Server Fetch In A Server Component

The default place to load data is inside an async server component. No hooks, no client state, no useEffect, just await.

type Post = { id: string; title: string; body: string };

async function getPosts(): Promise<Post[]> {
  const res = await fetch("https://api.example.com/posts");
  if (!res.ok) throw new Error("Failed to load posts");
  return res.json();
}

export default async function PostsPage() {
  const posts = await getPosts();
  return (
    <ul>
      {posts.map((p) => (
        <li key={p.id}>{p.title}</li>
      ))}
    </ul>
  );
}

This is the shape almost every server fetch will take. Notice what's not there: there's no getStaticProps, no getServerSideProps, no useEffect, no loading state. The component is async. It waits for the data. It renders the HTML on the server.

What it does have, hidden inside that fetch call, is a runtime contract. Next.js extends the global fetch with a second options shape: a cache directive that controls whether the response is stored, and a next object that controls how the stored copy ages. That extended fetch is the same primitive your server actions and route handlers use. Learn its options once and you've learned the whole data-fetching surface.

fetch(url, {
  // Standard fetch options:
  method: "GET",
  headers: { ... },

  // Cache directive — caches the response in the Data Cache.
  cache: "force-cache" | "no-store",

  // Revalidation behavior, only meaningful when caching:
  next: {
    revalidate: 60,           // seconds; or `false` for "never"
    tags: ["posts"],          // names you can later invalidate
  },
});

There's no third option. You don't pick between five caching strategies. You pick a cache directive, and if you cache, you pick how long it stays fresh and what you can invalidate it by. That's it.

Caching: What force-cache And no-store Actually Do

The Data Cache is a server-side, persistent key/value store keyed by the URL plus the fetch options. When you say cache: 'force-cache', Next.js looks that key up, returns the stored response if it has one, and only goes to the network on a miss. The cached entry survives across requests, across deployments (depending on your host, Vercel's Data Cache persists across deploys by default), and across the lifetime of your app.

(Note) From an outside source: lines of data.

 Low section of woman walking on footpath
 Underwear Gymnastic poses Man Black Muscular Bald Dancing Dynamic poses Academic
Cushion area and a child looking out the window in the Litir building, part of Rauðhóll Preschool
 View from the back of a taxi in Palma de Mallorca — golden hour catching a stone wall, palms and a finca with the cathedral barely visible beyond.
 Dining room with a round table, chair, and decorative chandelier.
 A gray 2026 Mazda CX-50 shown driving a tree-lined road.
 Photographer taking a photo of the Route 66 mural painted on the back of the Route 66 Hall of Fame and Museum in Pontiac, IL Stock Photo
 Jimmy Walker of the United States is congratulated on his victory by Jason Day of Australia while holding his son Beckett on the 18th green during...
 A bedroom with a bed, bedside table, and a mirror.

When you say cache: 'no-store', Next.js skips the cache entirely. Every request goes to the network. The response is not stored. The route segment that contains this fetch is now marked dynamic, more on that in a moment.

async function getActiveSessions() {
  const res = await fetch("https://api.example.com/sessions", {
    cache: "no-store",
  });
  return res.json();
}

export default async function Dashboard() {
  const sessions = await getActiveSessions();
  return <SessionsTable rows={sessions} />;
}

The defaults moved around between Next.js versions, which is one of the main reasons people get confused. The pragmatic rule, which works across versions: be explicit. If you want the response cached, write cache: 'force-cache'. If you don't, write cache: 'no-store'. If you write neither, Next.js will pick something, sometimes the cached path, sometimes the uncached one, and which one it picks depends on the version, the rendering mode, and whether any other dynamic API was called in the same render. That's a lot of moving parts to leave implicit. The two extra words are worth it.

A pattern that holds up well: pick the directive at the call site, in a tiny wrapper function. Then every page that reads from that source has the same caching behavior automatically.

export async function getPost(id: string) {
  const res = await fetch(`https://api.example.com/posts/${id}`, {
    cache: "force-cache",
    next: { tags: ["posts", `post:${id}`] },
  });
  if (!res.ok) throw new Error("Post not found");
  return res.json();
}

Now getPost(id) has one consistent caching profile across the entire app. Five pages can call it; they all share the same cached entry; they all invalidate together.

Time-Based Revalidation

Most data isn't truly static, but most data also doesn't need to be fresh on every request. A blog post might change twice a week. A product page might update its stock count every minute. A leaderboard might refresh every five seconds. The pattern for all of these is the same: cache the response, but mark it stale after some number of seconds, and let Next.js regenerate it in the background the next time someone asks for it.

That's what next: { revalidate: N } does.

export async function getProduct(slug: string) {
  const res = await fetch(`https://api.example.com/products/${slug}`, {
    next: { revalidate: 60 }, // stale after 60s
  });
  return res.json();
}

The behavior under the hood is stale-while-revalidate. When a request comes in after the revalidate window has expired, Next.js still serves the stale cached response immediately, and kicks off a background fetch that replaces the cached entry for the next request. The user who triggered the regeneration doesn't pay for it, they get the cached page. The next user gets the fresh one.

This is the right default for content that has a natural cadence. Blog indexes, product catalogues, public dashboards, anything where "fresh within a minute or two" is good enough. The cost model is much closer to a static site than to a dynamic one, you're hitting the upstream API at most once every revalidate window per unique URL, not once per visitor.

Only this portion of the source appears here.